Proposal to expand vulnerable groups protected in cyberspace

On the afternoon of October 31, continuing the 10th Session, the National Assembly discussed in groups the Cyber ​​Security Law Project.

Discussing in groups, National Assembly deputies agreed that amending the Law on Cyber ​​Security is necessary and has profound significance in the current period to protect national digital sovereignty , national security and the legitimate interests of the people, when cyberspace has become an inseparable part of human life and society.

Expanding online protection to other vulnerable groups in society

Speaking at the group, delegate Ma Thi Thuy, Deputy Head of the National Assembly Delegation of Tuyen Quang province, expressed her complete agreement with the fact that this draft Law focuses on protecting children because this is a vulnerable group and needs to be prioritized.

However, according to the delegate, if we only stop at children, it is not enough. In the context of increasingly sophisticated cybercrime and high-tech fraud, many other vulnerable groups are also being seriously harmed in the online environment.

In reality, the elderly, people with disabilities, women, ethnic minorities, or people in difficult circumstances with limited digital skills are all vulnerable to exploitation, fraud, or personal data infringement. Behaviors such as impersonation, account hijacking, fraud via social networks, e-wallets, or text messages are very common, causing both material and mental damage.

On that basis, the delegate suggested that the Drafting Committee study and supplement regulations that, in addition to child protection, should expand the scope to other vulnerable groups in society such as the elderly, people with disabilities, women, ethnic minorities, and people in especially difficult circumstances.

In addition, delegates also proposed to add responsibilities to businesses providing social networking platforms, and to have a mechanism to identify, warn and provide timely support to users in vulnerable groups when they are attacked, abused or threatened online.

“Adding this content not only makes the law more comprehensive, humane and practical, but also conforms to the policy of “leaving no one behind” in digital transformation, ensuring safety for all people in cyberspace,” the delegate expressed.

Delegate Sung A Lenh (Lao Cai Delegation) suggested that the Drafting Committee add the principle of protecting network security to "ensure citizens' right to access information and legitimate privacy, ensuring the balance between State management requirements and human rights in cyberspace".

According to the delegate, practice shows that cyber security is not only national security but also must ensure human rights according to the Law on Access to Information 2016 and the Law on Cyber ​​Security 2015. Therefore, adding this principle will help harmonize the task of protecting security and the legitimate interests of citizens.

Establish a mechanism to receive and respond to information from people about cybersecurity violations

Commenting on regulations on preventing and handling cyber security intrusions, delegate Luong Van Hung (Quang Ngai Delegation) agreed with the regulations on preventing and removing false information, distortions, inciting ethnic and religious division, and undermining national unity.

However, delegates proposed to study and clearly stipulate the criteria and procedures for determining the content of "distortion and untruth" in the Law to avoid arbitrary application and ensure the people's right to freedom of speech and social criticism according to the Constitution.

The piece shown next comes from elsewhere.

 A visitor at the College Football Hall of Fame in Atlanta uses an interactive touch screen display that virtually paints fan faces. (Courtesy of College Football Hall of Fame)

Pointing out that the regulations on the responsibilities of organizations and individuals using cyberspace are still general in nature and do not clearly show the responsibilities of account holders in cases where they are exploited to commit violations, delegate Luong Van Hung proposed clarifying the principle of "only handling when there is an error" and adding the obligation to promptly notify the authorities when violations are detected. Adding the rights of users to access, know, and complain when personal data is illegally collected and processed.

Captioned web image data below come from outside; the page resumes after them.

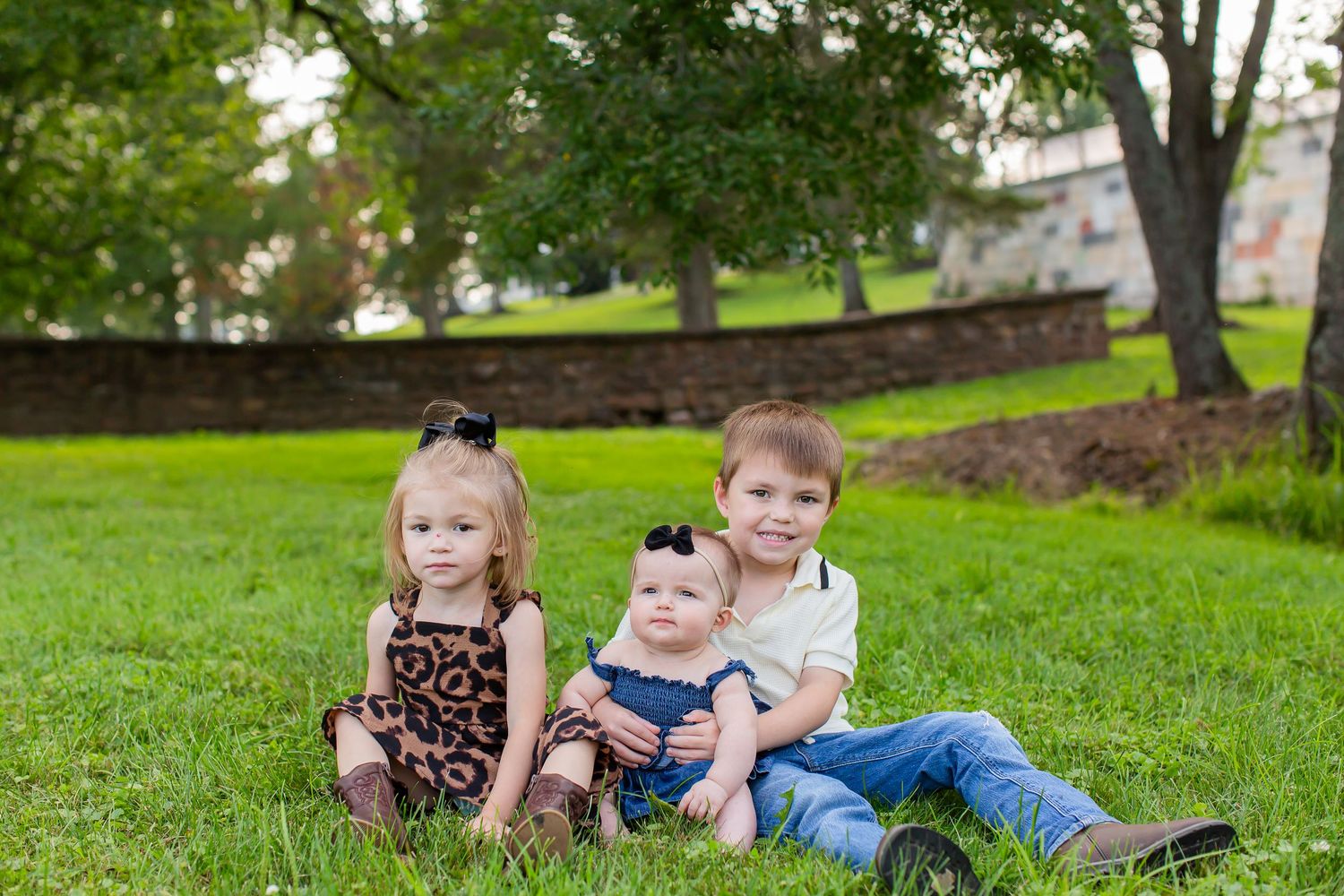 Three young children sitting close together for a family portrait outdoors.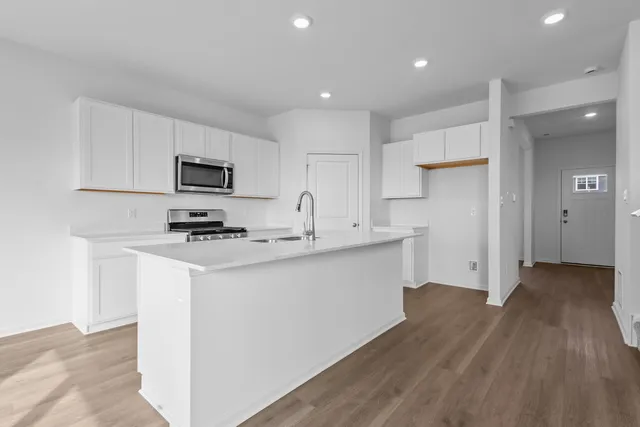 a kitchen with a sink a microwave a refrigerator and cabinets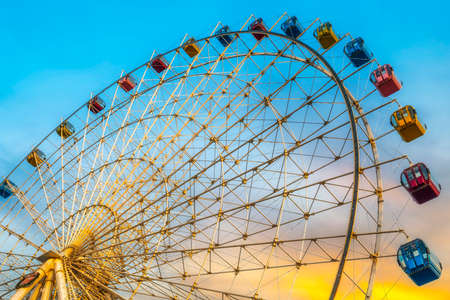 Outdoor spinning Ferris wheel ridesの写真素材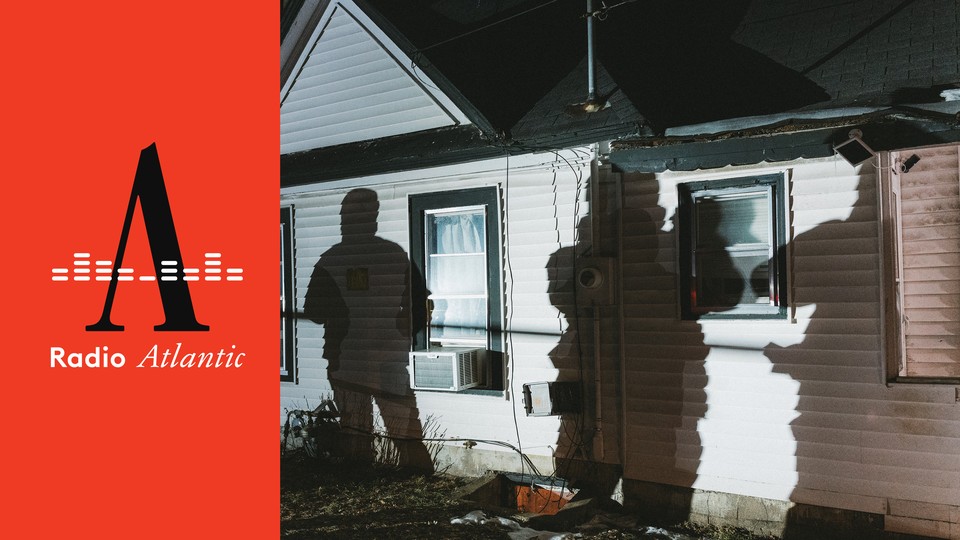 Shadows of ICE members projected on the outside of a home at night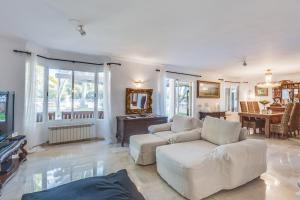 ein Wohnzimmer mit 2 weißen Sofas und einem TV in der Unterkunft Villa Ran de Mar in Port d'Alcúdia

"It is recommended to establish a mechanism to receive and respond to information from people about cybersecurity violations to improve coordination efficiency and transparency in management," the delegate recommended.

Regarding information classification (Article 27), delegate Dang Thi Ngoc Tram (Da Nang City Delegation) said that the review report pointed out that the draft has not clearly defined the type of information to be classified and has not been linked to the legal responsibilities of the relevant entities. I think this is a key issue because "information classification" is the basis for determining the rights, obligations and responsibilities of organizations, individuals and State management agencies in protecting network security.

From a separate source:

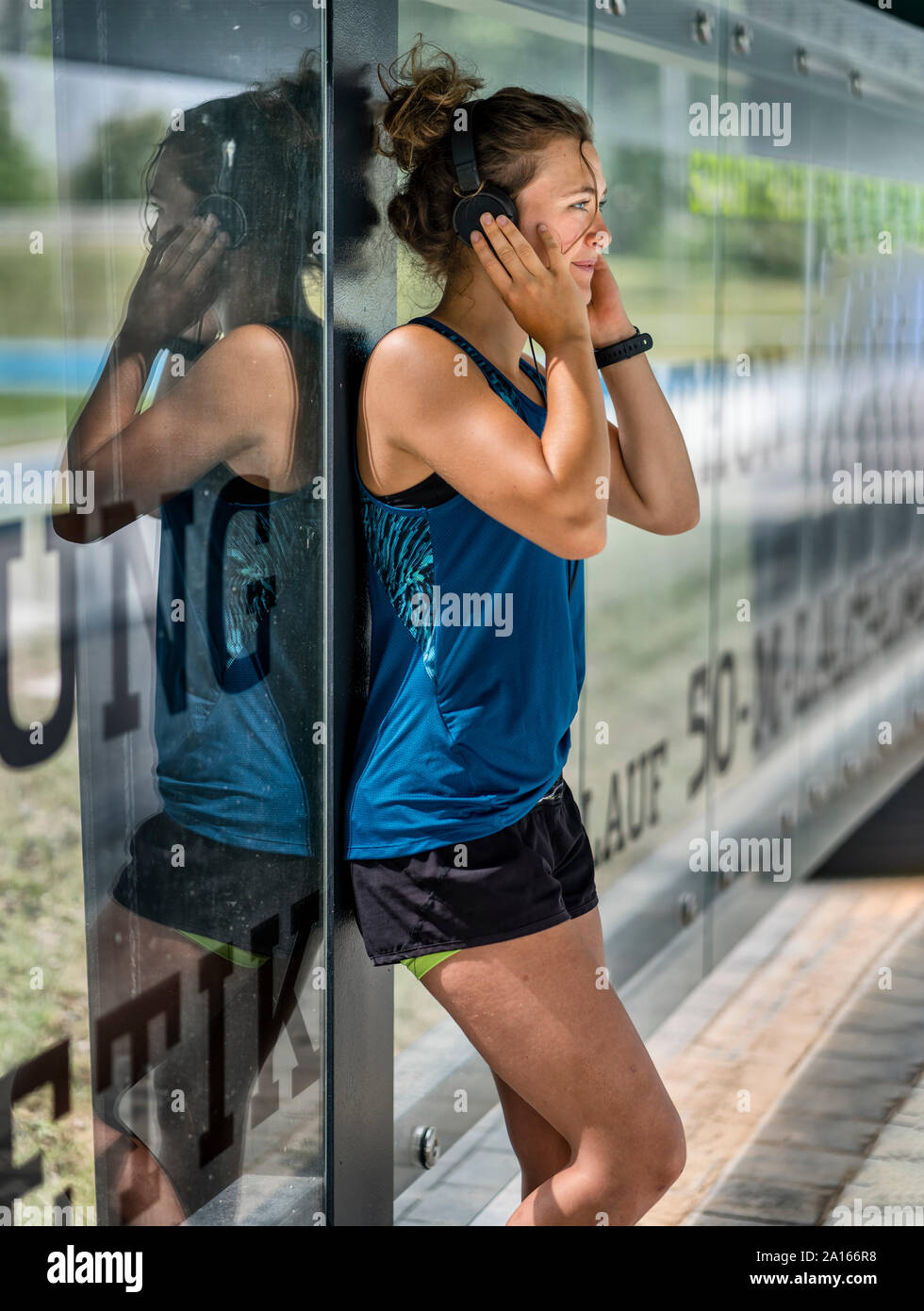 Young sportive woman wearing headphones Stock Photo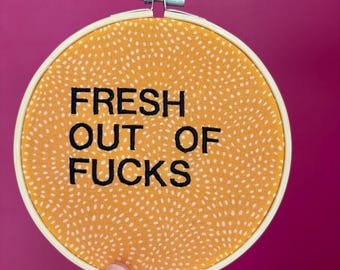 Puede incluir: Un bastidor de bordado redondo con el texto "FRESH OUT OF FUCKS" en letras negras. La tela dentro del bastidor es naranja con pequeños puntos blancos. El bastidor se sostiene sobre un fondo magenta.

Delegate analysis: In other legal systems such as the Law on State Secrets Protection, the Law on Data and the Law on Personal Data Protection, there are provisions related to "information classification" and "data classification". Therefore, if the scope is not clearly defined, it will lead to duplication, conflict and difficulty in applying in practice, especially in the fields of finance, health, education or public administrative data.

Accordingly, the female delegate proposed the need to specifically classify information groups in cyberspace: public information, restricted access information, state secret information, personal information and business data information.

In case the scope of independence cannot be determined, consider removing Article 27 and assigning the Government to specify the classification and protection of network information on the basis of the Data Law and the Law on Personal Data Protection.